I answered softly, "I don't know. I don't know what I want to do, but I'm just scared."
"What are you afraid of?" As he spoke, he separated me from his arms.
Although I was very dissatisfied with his actions, I didn't say it out loud. I just held his hand tightly again.
He must have given up on my shameless behavior, so he let go of my hand and let me hold him. "If you don't let me go, then we'll just stand here for the whole night."
Naturally, I thought he was angry, so I reluctantly let go of his hand, but I didn't want to look up at him anymore.
"Tell me everything you're afraid of," Harrison said calmly.
From his tone, I couldn't hear any emotion, which made me even more uncertain. I kept stirring my fingers to cover up the uneasiness in my heart, but Harrison seemed to have made up his mind to fight with me to the end. He didn't say anything before I spoke.
It was very quiet on the street in the early morning. It would take about ten minutes to get a car, and the two of us were also standing on the road.
In the end, I gave up the stalemate. "Don't you understand?"
"No matter how clear it is, you still need to say it," he said.
I paused and slowly looked up at him. Because he was carrying light on his back, I couldn't see his expression clearly. But I could imagine that he must be expressionless or angry with me.
If he was angry, then I would only feel more wronged.
"Women are prone to worrying about gains and losses. This is the fact that has never changed since ancient times. So when I face you, I will be more worried about gains and losses. This is the reason why I am afraid." I took a deep breath and said seriously.
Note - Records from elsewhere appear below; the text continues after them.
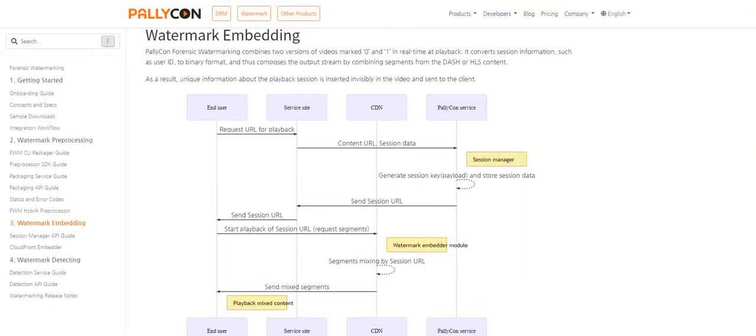Hello, this is Poonam, technical support expert for Palikon. In the earlier video, we had seen how to preprocess the content, which is the first step in applying forensic watermark.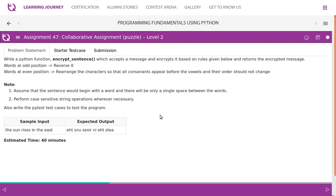Write a Python function encrypt_sentence which accepts a message and encrypts it based on rules given below and returns the encrypted message. Words at odd position reverse it. Words at even position rearrange the characters so that all consonants appear before the vowels and their order should not change.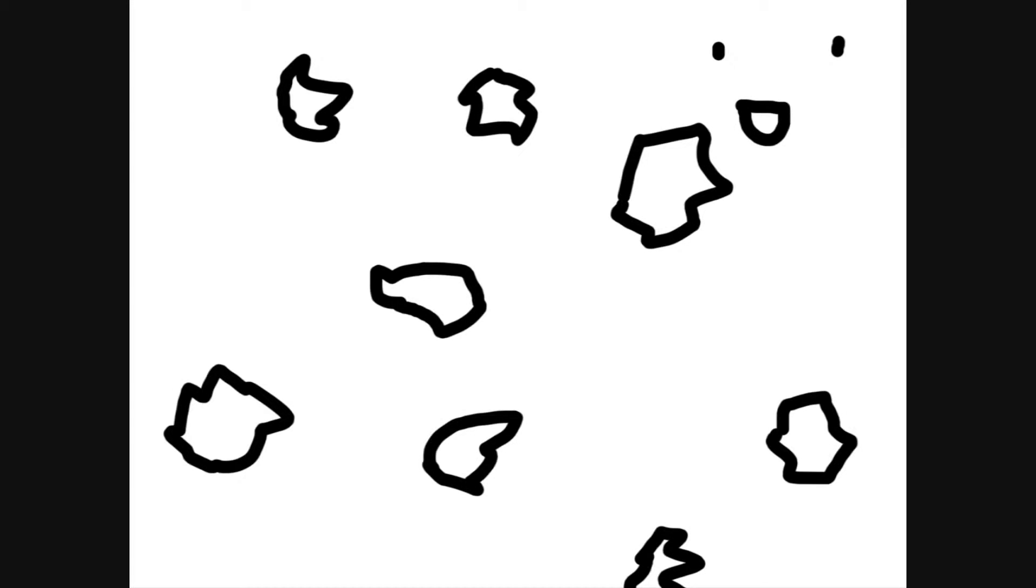You see, God didn't like the nothingness. So he decided, on the first day, to create rocks. And he saw that rocks were very good. So on the second day, he decided to make more rocks.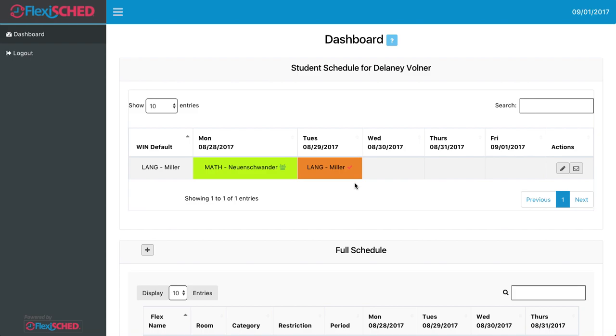This particular student has three days remaining in their schedule that they can fill on their own. To schedule a Flex, move over to the side in the area that says Actions and click on the little pencil button. That allows you to schedule classes.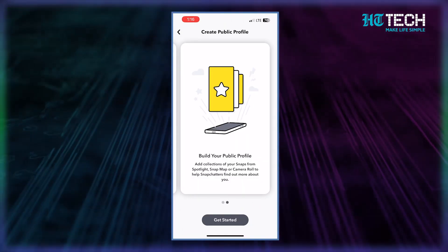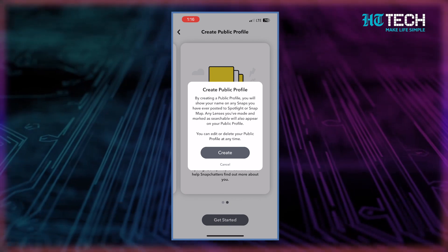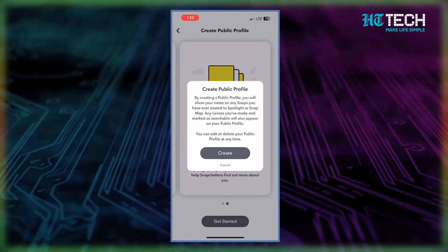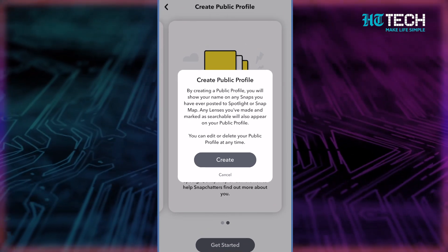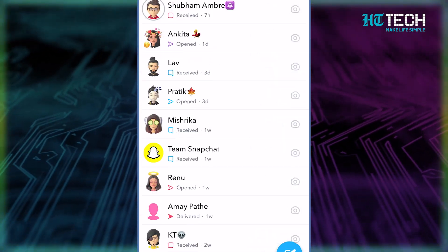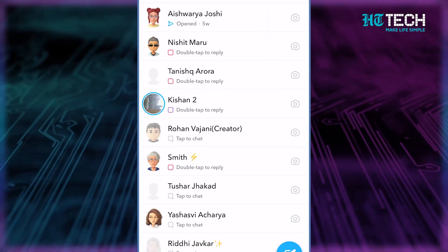To create a public profile, all you need to do is go to your profile, scroll down to the public profile section, tap 'Create Public Profile,' and follow the on-screen instructions to create your public profile.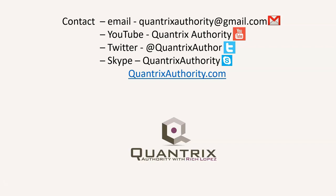Today's podcast is brought to you by QuantrixAuthority.com. I love Quantrix and I want to make you a Quantrix Master.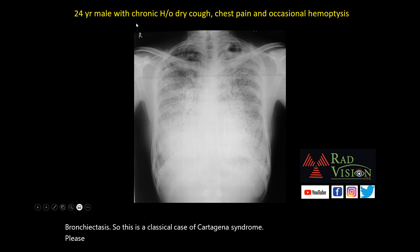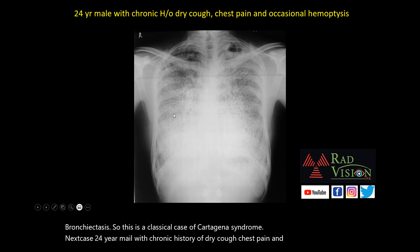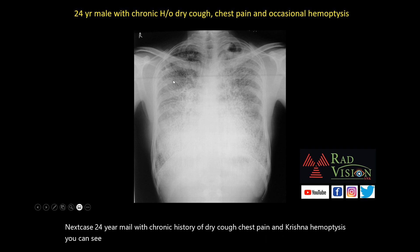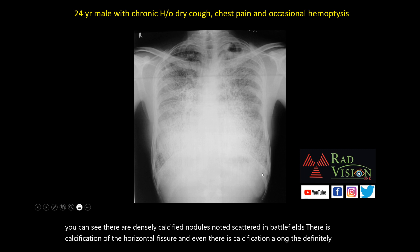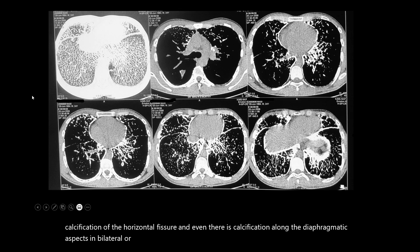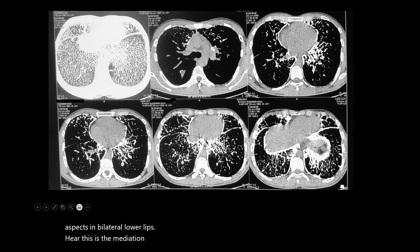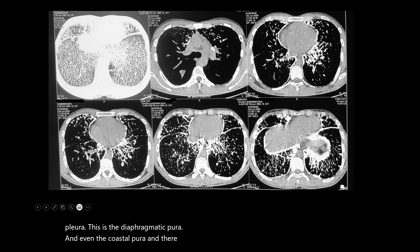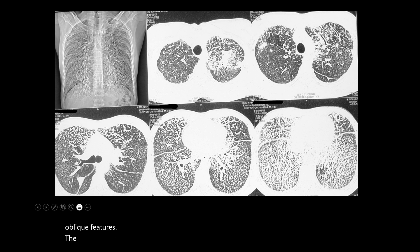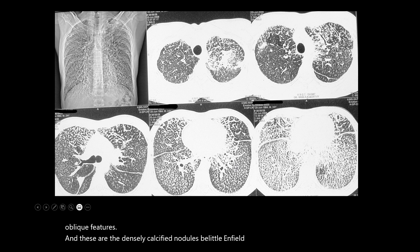Next case: A 24-year-old male with a chronic history of dry cough, chest pain, and occasional hemoptysis. You can see there are densely calcified nodules scattered in bilateral lung fields. There is calcification of the horizontal fissure and calcification along the diaphragmatic aspects in bilateral lower lobes. On the mediastinal window, there is a densely calcified pleura — mediastinal pleura, diaphragmatic pleura, and costal pleura — and calcification around the horizontal and oblique fissures.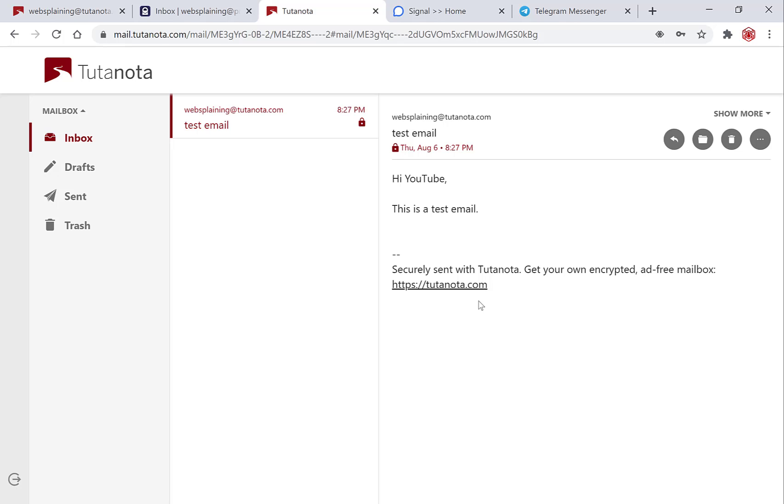Alright guys that pretty much concludes the video. I hope you enjoyed this short tutorial on how to send an encrypted email through Tutanota. If you did be sure to give the video a like, comment down below and subscribe and I'll see you on the next video.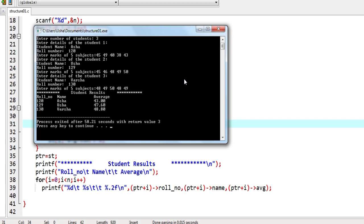This answers why pointer declarations need a data type even though all pointers use only 2 bytes. The data type determines pointer arithmetic: for int pointers, ptr+1 adds 2 bytes; for float, it adds 4 bytes; for this structure, it adds 41 bytes. This is called pointer arithmetic. The compiler uses the data type to know how many bytes to increment or decrement when you perform operations on the pointer.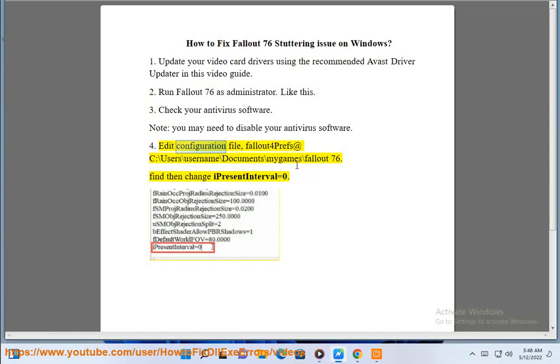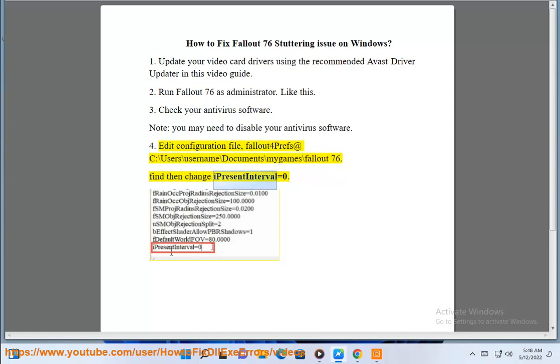4. Edit the configuration file. Fallout 76 is located at C:\Users\username\Documents\My Games\Fallout 76. Find and change iPresentInterval=0.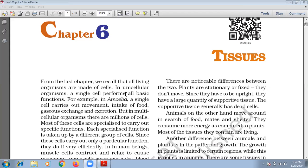Good morning everyone. So 9th class, we are here again with chapter number 6, Tissues. Before holidays, we have completed two chapters of biology, now I am going to start a new chapter, which is also from the biology — Tissue.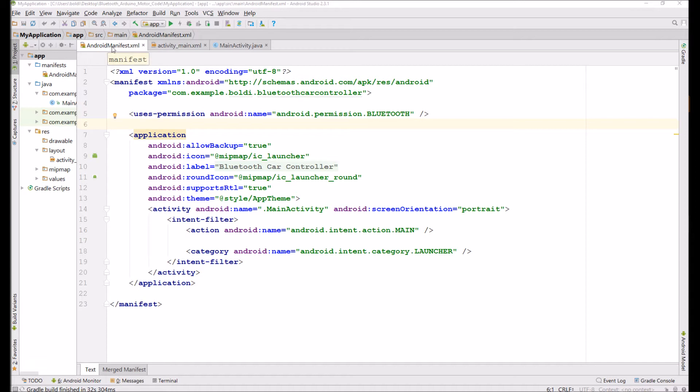So going quickly over the main files in your Android Studio application. What you have to change in the main manifest file over here is you have to add a user permission for Bluetooth obviously because you want to connect via Bluetooth. And I also set the screen orientation to portrait. So that's all you need to do in your manifest file.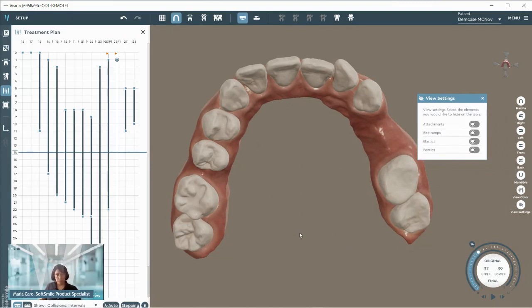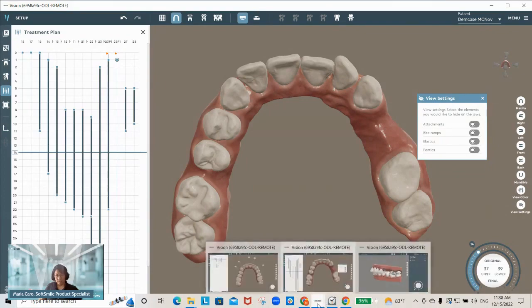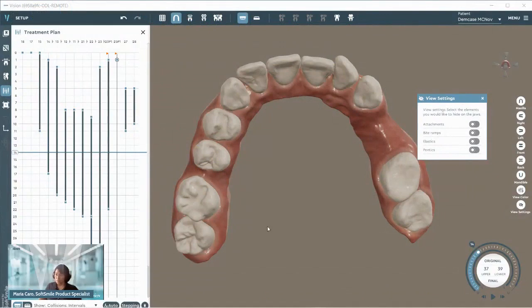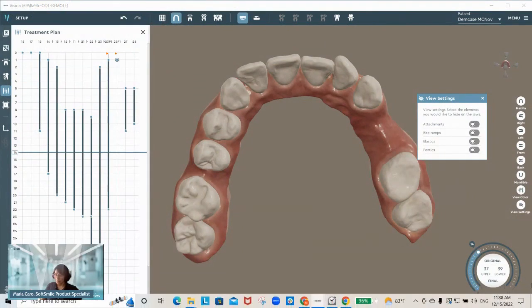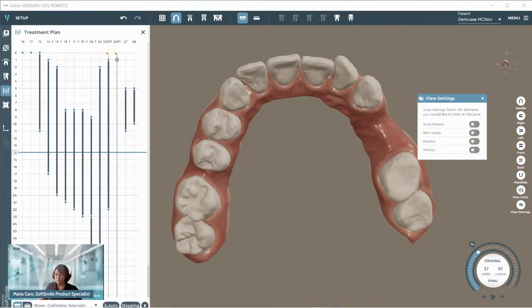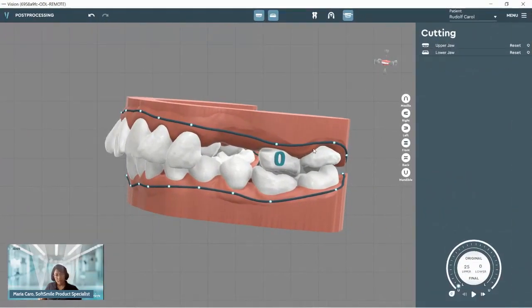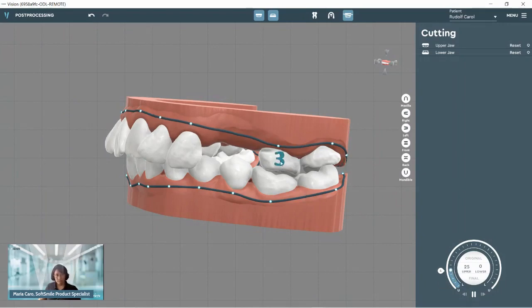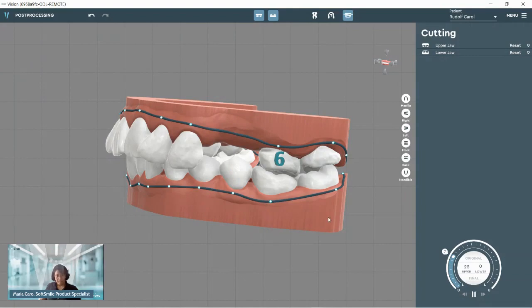I'm going to present another case here to show the option for digits, which allows us to label our aligners and models. Clicking play, you'll be able to see that automatically during an export, the teeth labels and trimming line will appear. This is in the post-processing stage. And I think that will wrap it up for today on my end — I'll hand it back to Kamzat to answer some of your questions.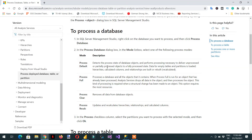To recap: Process Default detects the state and if there is any change, it reprocesses it; otherwise it leaves it as is. Process Full drops all the objects and then reprocesses them again. Process Clear removes all data from the database objects. Process Recalculate updates hierarchies, relationships, and calculated columns. These are the four options we have seen with examples. If you like this video, please subscribe to our channel, and if you have any questions, please write in the comment section. Thank you.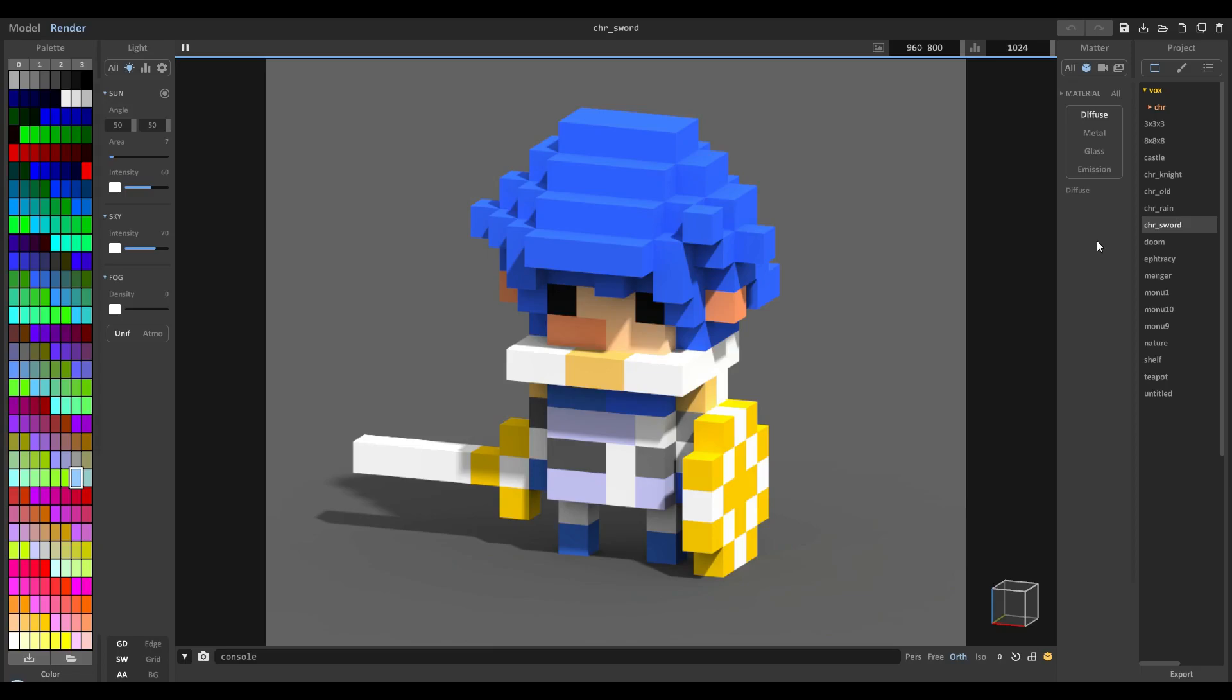It's one of the coolest things I've seen just because it works so well and it looks so great. I have a character here that comes with MagicaVoxel of course. This is character Sword and I'm going to go ahead and go over this.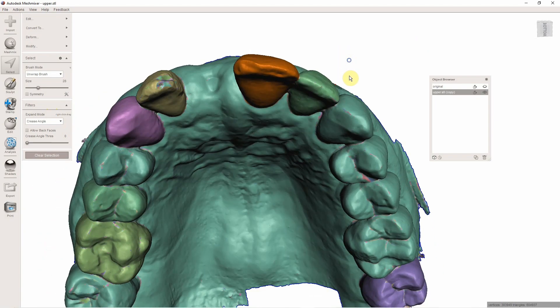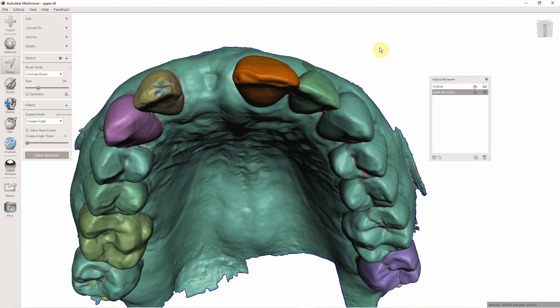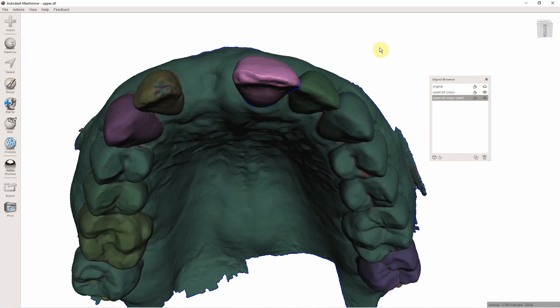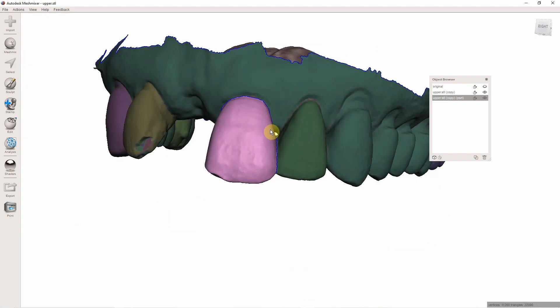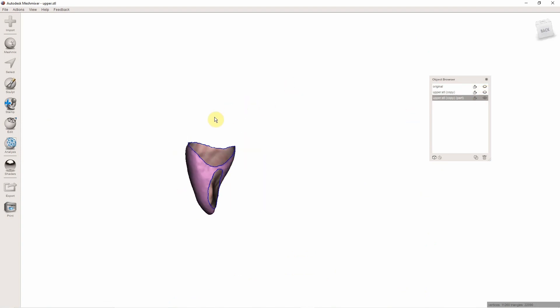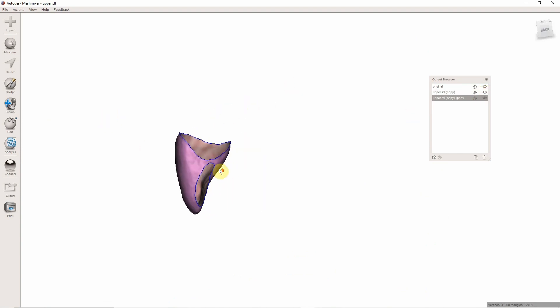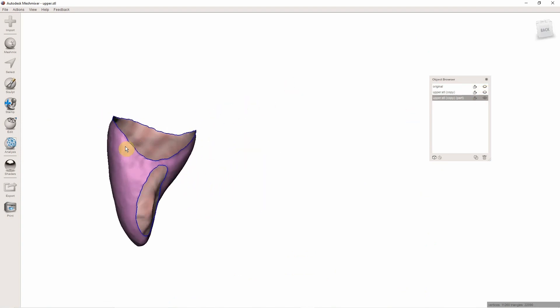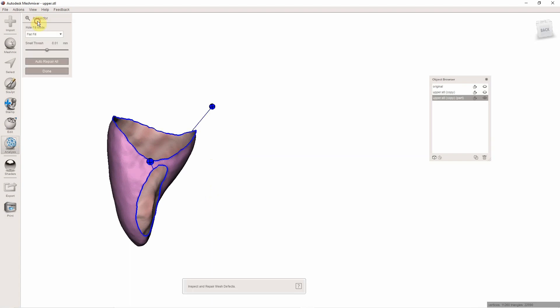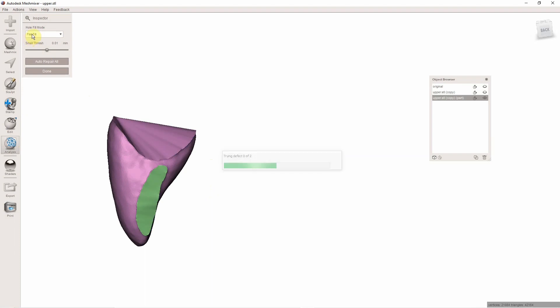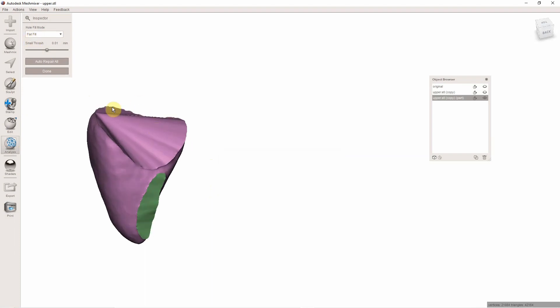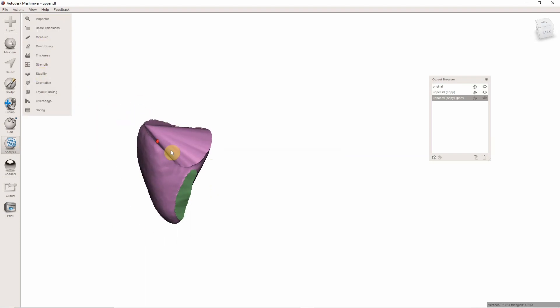So now to extract that tooth, I'm going to hit Y, which makes that its own little mesh. So if you come here, now I have this tooth. To close these holes, I'm just going to go to Analysis, Inspector, Auto Repair All. Make sure Flat Fill is on. Done.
I thought Harrison would get bored after hearing what I said. Normally, men hate women like this, but I didn't expect him to laugh out loud without giving me any face.
I bit my lip and squeezed out a sentence from my mouth, "If you find it funny, you can continue to laugh. I'm going back!"
After that, I went past him and wanted to run away from him.
Harrison must have guessed what she was thinking. He grabbed her hand and stopped her from leaving. "It's normal to worry about gains and losses. You should tell me directly."
"Is it useful to tell you?" I chuckled and said, "What do you think of our relationship now? After all, it's normal for us to break up with Sienna. But what about us? Will you go out and tell others that I am your girlfriend? Will you be generous when you break up with me? Don't you mind that others don't care about my eyes when they hear about my past?"
After saying these words in one breath, I was completely relaxed. I stared at Harrison closely, which was better than every expression on his face. After a while, I also figured out what had happened. Instead of continuing to guess, I might as well talk about everything.